Dr. Sanjay G.: 20:40
You literally went from a broom to Jackson Pollock.
Mindy Sterling: 20:45
Yes, yes.
Dr. Sanjay G.: 20:47
It was …
Mindy Sterling: 20:47
Look at this. Look at this.
Alex Staggs: 20:47
It’s just a bunch of splatters, Marla.
Mindy Sterling: 20:47
Look at this. Can you tell which blood came from which part of my body?
Dr. Sanjay G.: 20:53
Even just sitting around backstage after the show, I couldn’t help but feel surrounded by really fast brains. Is creativity associated with high intelligence?
Mindy Sterling: 21:06
Not as far as Tim goes.
Tim Bagley: 21:08
For most of them, yes. For me, it’s just all a hope and a prayer. I don’t know. I feel like there are different kinds of intelligence and just like when you see Magic Johnson playing basketball or somebody that comes in and can look at a room and say, “This should go here, that should go there,” there’s different kinds of intelligence. I don’t know how, but we all have figured out how to play and incorporate. Whether you know about something or not, I’ve seen Mindy where they say, “It takes place in Sri Lanka,” and she just is committing like she knows exactly what she’s doing and just going forward …
Anne Sertich: 21:54
She doesn’t even know what that word is.
Tim Bagley: 21:55
She’s never heard that word before.
Mindy Sterling: 21:58
No, no.
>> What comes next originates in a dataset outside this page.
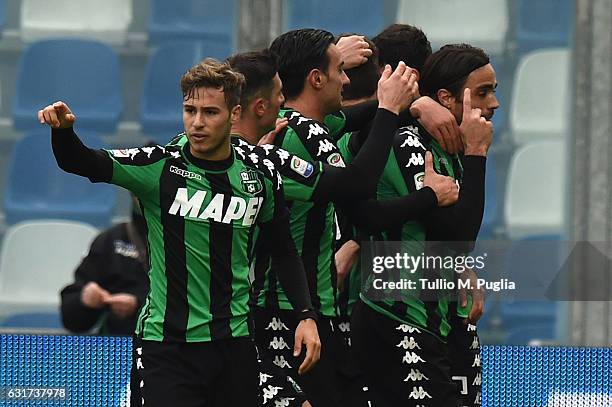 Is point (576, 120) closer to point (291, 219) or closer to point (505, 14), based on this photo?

I have no idea so …
Anne Sertich: 21:59
I think creativity comes from fearlessness. So I got like a 400 on my SAT, not really, but I think it comes from fearlessness and that’s part of what improv teaches you is to be fearless.
Dr. Sanjay G.: 22:15
Nature versus nurture, it’s one of the oldest arguments in the history of psychology. How much of our smarts and our creative tendencies are innate and how much can we learn? One thing’s for sure, there’s no telling where our next generation of geniuses will come from or how the definition of genius will [change 00:22:32]. I will tell you one of the best pieces of advice I’ve ever been given, “Do something that scares you every day. It’ll keep your mind sharp, your blood pumping, and your horizons expanding.”
Dr. Sanjay G.: 22:43
I’m Dr. Sanjay Gupta. Thanks for watching.